14.3.3.1. Mercer’s Theorem#

The general idea of the theorem is that: if \(K\) is a kernel, \(L\) must be positive semidefinite for any set of \(n\) points \(x^{(i)}\). It turns out that it is is also a sufficient condition.

Theorem. (Mercer) Let \(K: \mathcal{X} \times \mathcal{X} \to [0,\infty]\) be a kernel function. There exists a mapping \(\phi\) associated with \(K\) if for any \(n\) and any dataset \(\{x^{(1)}, x^{(2)}, \ldots, x^{(n)}\}\) of size \(n \geq 1\), if and only if the matrix \(L\) defined as \(L_{ij} = K(x^{(i)}, x^{(j)})\) is symmetric and positive semidefinite.

This characterizes precisely which kernel functions correspond to some \(\phi\).

14.3.4. Pros and Cons of Kernels#

We have introduce many good properties of kernels. However, are kernels a free lunch? Not quite.

Kernels allow us to use features \(\phi\) of very large dimension \(d\). However computation is at least \(O(n^2)\), where \(n\) is the dataset size.
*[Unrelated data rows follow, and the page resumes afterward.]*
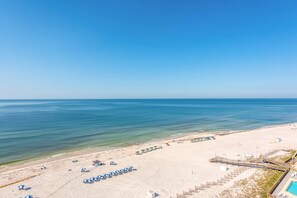 A beach with rows of umbrellas, a wooden walkway, and a pool area. - Top-Floor, Gulf-Front Condo w/ Balcony, Beach Access & Shared Pools/Hot Tub/Gym (Perdido Key)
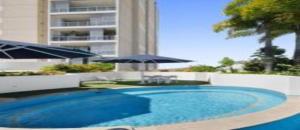 a blue swimming pool with an umbrella and a building at Dalgety 104 in Townsville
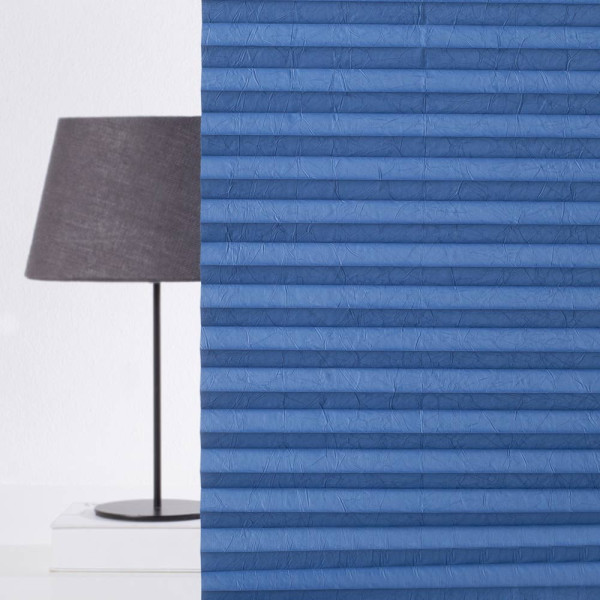 Blaue Plissees mit gefalteten Lamellen liegen ordentlich nebeneinander. Sie sind aus einem hochwertigen Material gefertigt und bieten Sichtschutz, ideal für Fensterdekorationen.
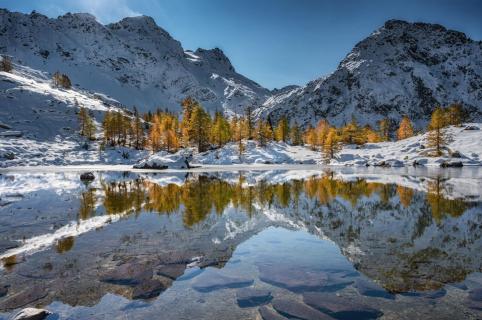 Bergsee mit Lärchenwald im Herbst
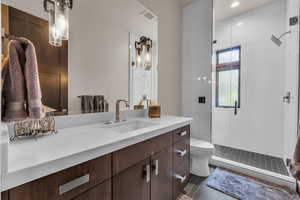 Bathroom featuring tile patterned flooring, vanity, a shower with door, and toilet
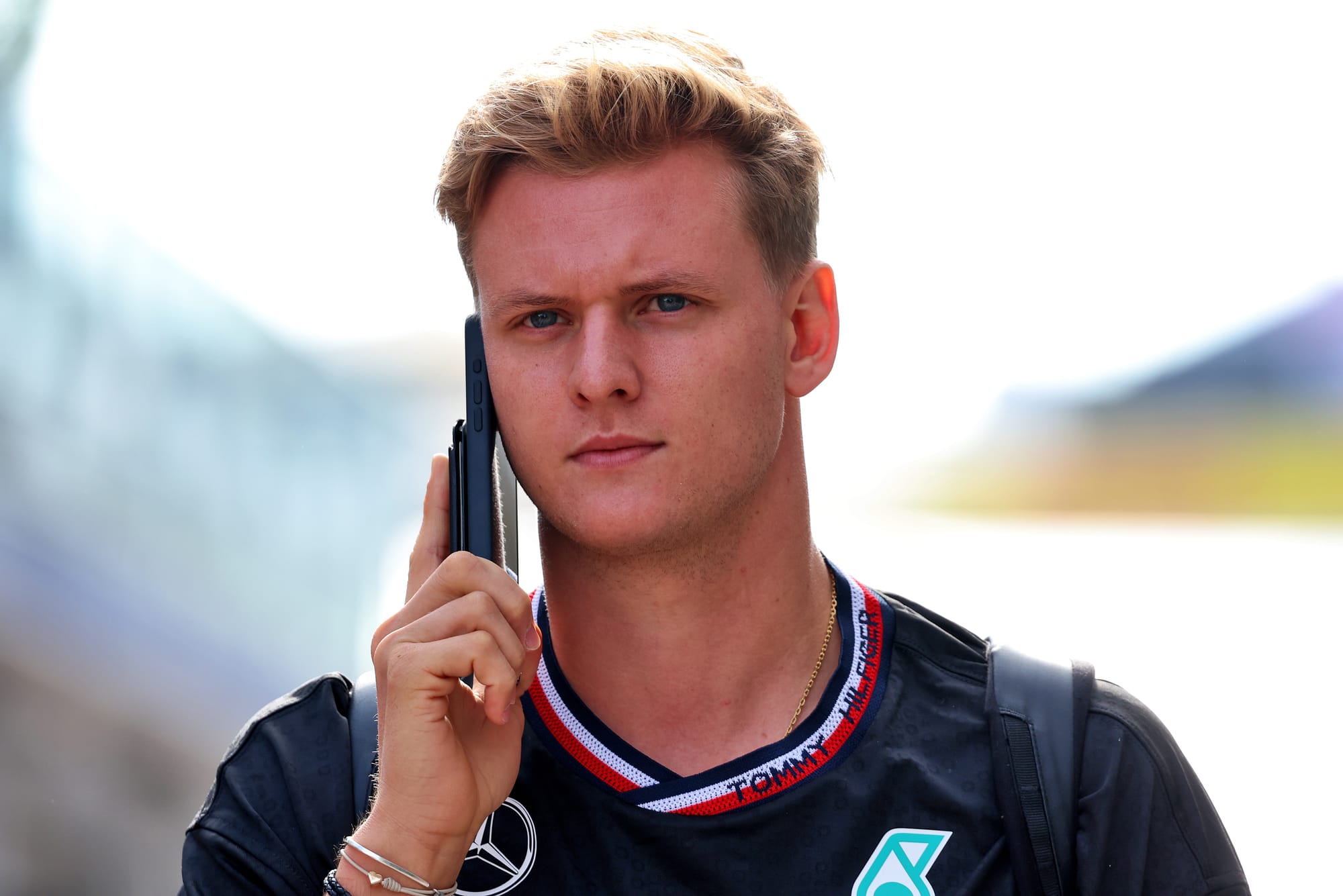 Image of Mick Schumacher holding a mobile phone at Austin, 2024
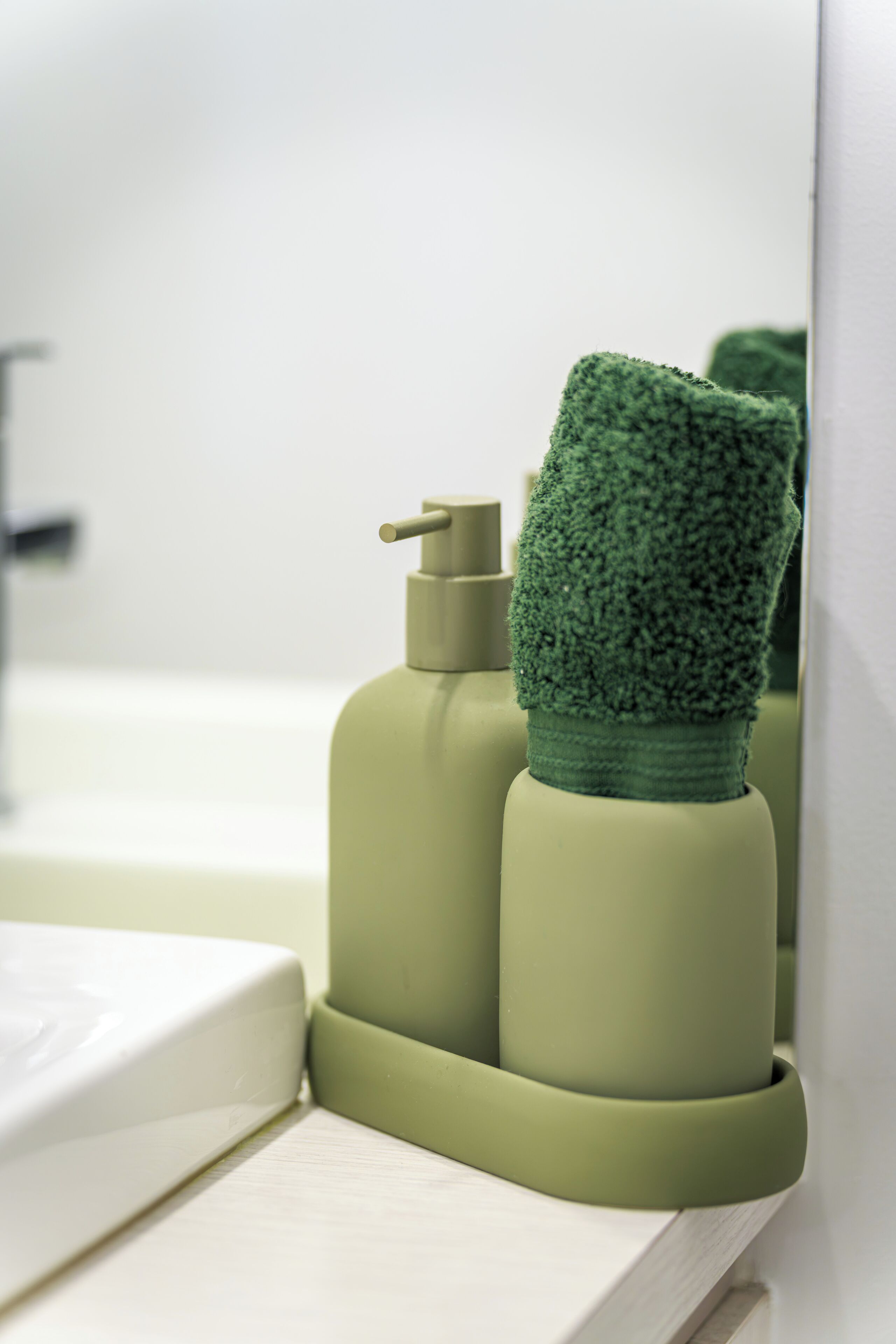 Une salle de bain avec un distributeur de serviettes vertes et un lavabo blanc.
We need to compute distances \(K(x^{(i)}, x^{(j)})\), for all \(i,j\).

  • Approximate solutions can be found more quickly, but in practice kernel methods are not used with today’s massive datasets.

  • However, on small and medium-sized data, kernel methods will be at least as good as neural nets and probably much easier to train.

Examples of other algorithms in which we can use kernels include:

  • Supervised learning algorithms: linear regression, logistic regression, support vector machines, etc.

  • Unsupervised learning algorithms: PCA, density estimation.

Overall, kernels are very powerful because they can be used throughout machine learning.